Ophidians nose is out of joint as he got kicked from that group for exposing personal financial information about members of that group, he did this, imo, because he wasn't invited and that hurt his ego, he's toxic as we found out here ages ago, and doesn't know everything he professes to.
Hey just reporting on the most vocal member of that debate
The ***** is q-u-i-n-t no idea why that is blocked.
not quite, one member 'cue' claims to be ex pharma but constantly refers to the fca and not the fda, he's in intensity, similar position to us, (risk in fact), old drug new targeted delivery mechanism, they'll need ph3, have merck involved but no offers etc. therefore counselling its a risk. his position of more likely to fail than not is still wrong, and that wrongness probably applies to intensity too (as he explained it), perhaps it's not the high 90%'s that some of us here think, but it's certainly >50% imo if you understand, not sure that he does or wants to.
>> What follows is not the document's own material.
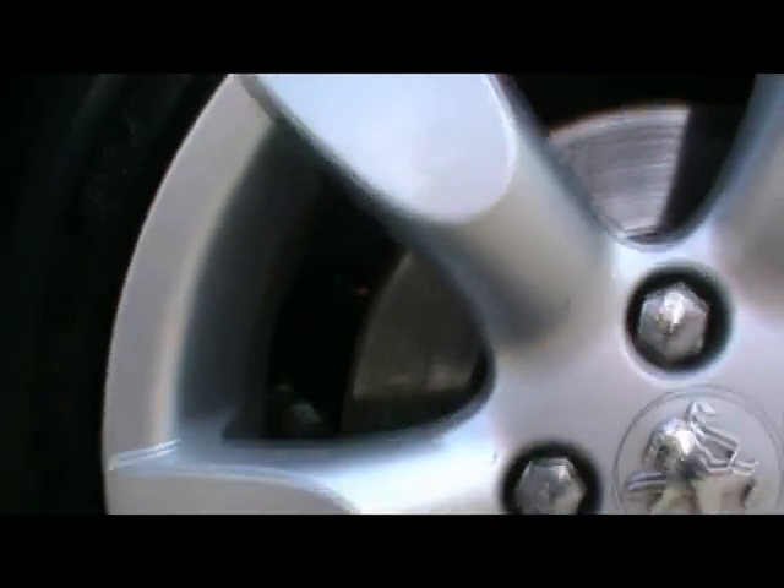Taking a look at one of the other wheels — it's in very nice condition, no dents or scrapes either. Down to the back of the car.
there was stuff before that that i've not looked at, he's the one carrying on, doubt he's tw, more like the old *****, my bio is better than yours with prtg.
I popped in there, seems to be someone saying lots of trials fail, and someone saying this is different. At least that was the tail end of it, and if the 'fails' poster hadn't realised why that was less likely (he still thinks fail is more more likely than sucdess) then no points were taken on board.
Thanks for copying and pasting something that's been highlighted with a red dot just above your post.
Ticino, the outside of the tumour contains FAP-a, for those cancer types that over express it, so the warhead is delivered to the right place and attacks the shell, it does not work on a cell by cell basis.
There are cancer types that do not express much FAP-a, these have been highlighted in many of the documents from avacta, so there are plenty of types of cancer to work on.
Ph2 would be a few tens of millions, not hundreds of millions.
At that point it will require Ph3 testing, to ensure that it hasn't effected the action of the drug. But it's not like there isn't enough to get started on.
It's a platform that can deliver any drug with an appropriate structure that can be attached to the linker, to a FAP-alpha rich target. If the target is not FAP-a expressing or thedrug cannot be linked to (hence velacde analogue not straight velcade) then it cannot be pro'd.
There may be other linkers that hit other targets, or can attach to other dugs but this is what we have for now.